» **MATERIAL PROVIDED**
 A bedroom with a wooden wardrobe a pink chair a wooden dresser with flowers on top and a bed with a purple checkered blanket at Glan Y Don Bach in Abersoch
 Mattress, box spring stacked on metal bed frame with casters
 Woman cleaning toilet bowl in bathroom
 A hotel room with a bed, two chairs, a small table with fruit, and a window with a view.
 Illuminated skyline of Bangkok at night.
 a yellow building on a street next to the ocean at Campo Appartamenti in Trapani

--

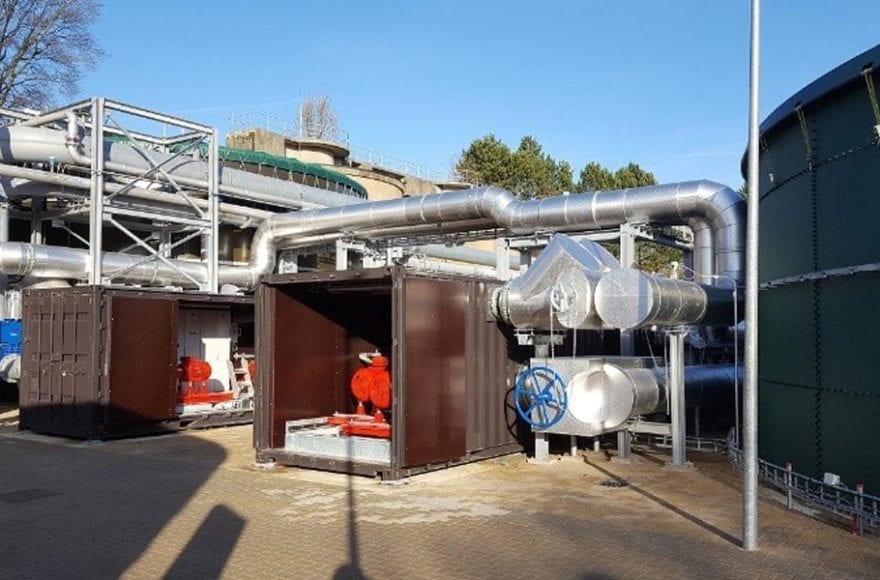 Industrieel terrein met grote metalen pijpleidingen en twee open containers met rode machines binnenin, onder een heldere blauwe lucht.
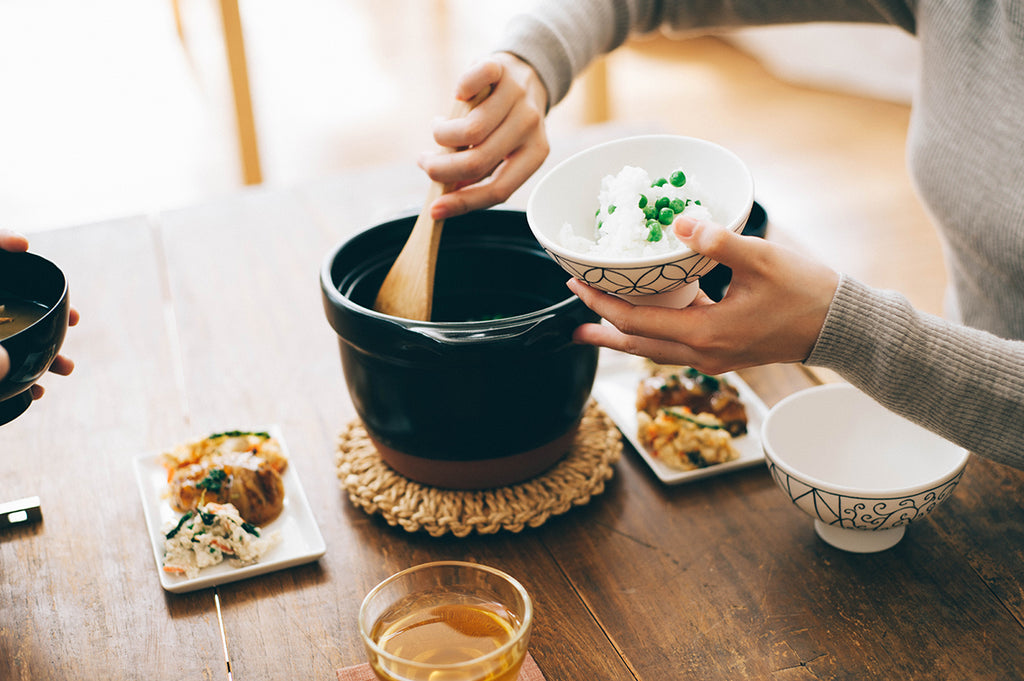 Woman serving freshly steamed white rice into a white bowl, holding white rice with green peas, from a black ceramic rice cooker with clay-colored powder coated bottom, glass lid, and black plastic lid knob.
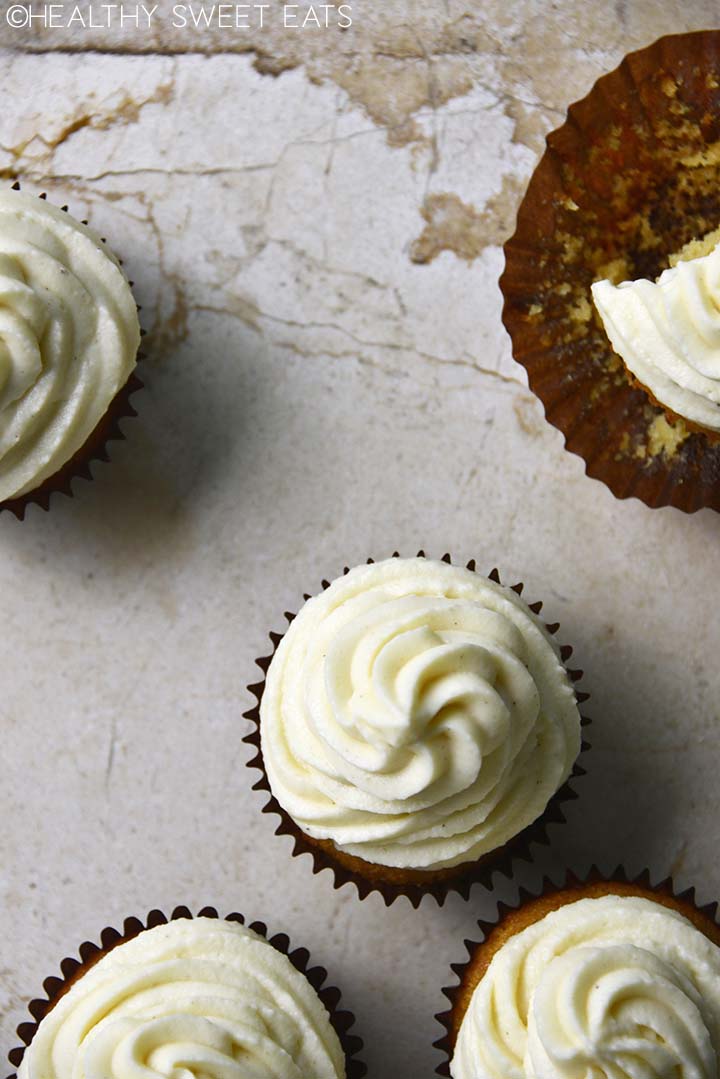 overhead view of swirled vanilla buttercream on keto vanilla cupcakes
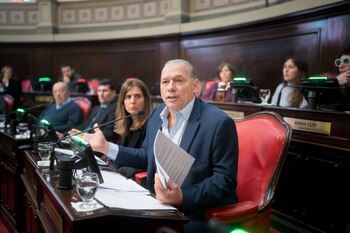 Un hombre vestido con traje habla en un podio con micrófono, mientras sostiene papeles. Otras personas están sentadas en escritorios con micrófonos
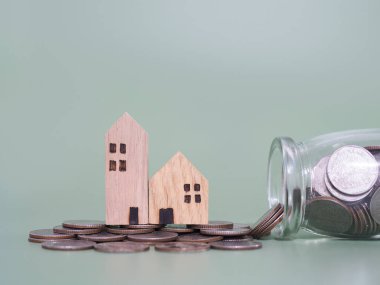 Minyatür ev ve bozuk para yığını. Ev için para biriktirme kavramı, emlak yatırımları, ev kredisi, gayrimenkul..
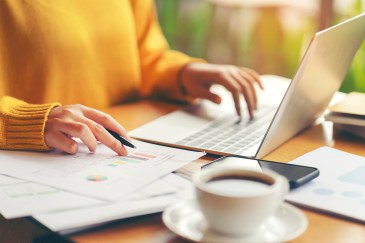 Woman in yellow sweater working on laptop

» **TASK STATEMENT**
Copy word for word the lines above, starting at the line containing "Minyatür ev ve" and ending at the line containing "Woman in yellow sweater working on laptop", inclusive, with no pictures.

» **EXERCISE RESPONSE**
 Minyatür ev ve bozuk para yığını. Ev için para biriktirme kavramı, emlak yatırımları, ev kredisi, gayrimenkul..
 Woman in yellow sweater working on laptop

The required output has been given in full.